Breaching China’s Green Dam

Our computers
Chinese authorities are having to grapple with more bad publicity for the “Green Dam-Youth Escort” software that Beijing wants to see included with all PCs sold in China from July 1.
Researchers at the University of Michigan have discovered major security vulnerabilities in the Internet filtering software, according to this report. The authors say that initial testing of version 3.17 of the Green Dam software found serious security holes, which the authors attributed to programming errors.
Worryingly, the report said that once the software is installed, “any Web site the user visits can exploit these problems to take control of the computer. This could allow malicious sites to steal private data, send spam, or enlist the computer in a botnet [a group of software robots that run without a computer owner's knowledge].”

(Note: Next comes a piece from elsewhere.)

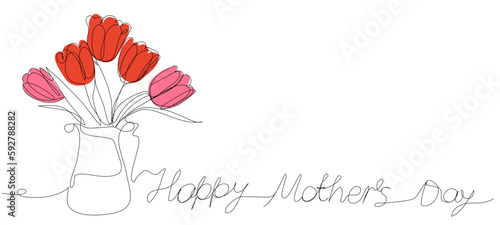 Red tulips in a flowerpot in one line on a white background. Vector card with minimalistic flowers for Mother s Day. Stock illustration in vertical banner size.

The researchers also said that there are security weaknesses in how Green Dam updates its blacklists of Web sites to filter out, which “could allow the software makers or others to install malicious code during the update process.”
Noting that these problems were found in under 12 hours of testing, the authors suggest that there may be other issues yet to be identified. The report also links to the several decrypted data files of word lists relating to pornography and the banned Falun Gong sect, adding to concerns that the software could be used for purposes other than blocking pornography.
Then there’s the contingent of increasingly vocal Chinese Internet users expressing their opposition to the Green Dam project. At midnight, an online petition was launched to protest pre-installation of the software and calling for an investigation into the procurement process (in Chinese here). At the time of this writing, it had collected over 1,200 e-signatures and many indignant comments, such as “I don’t want to live in 1984″ and “Garbage software! Garbage policy!”
Other Web users prefer to subvert Green Dam through mockery. One pun that has been making the rounds substitutes the words for Green Dam (绿坝, pronounced lüba in Mandarin) with homophones that translate as “filter bully” (滤霸) or “donkey king” (驴霸). Internet users have also taken to replacing standard greetings such as “Have you eaten yet?” with “Have you Green Dammed today?”
“Youth Escort” has also become something of an Internet catchphrase, meaning to block, filter out, or shut someone up. As in “Stop talking like that, or I’ll ‘youth escort’ you!”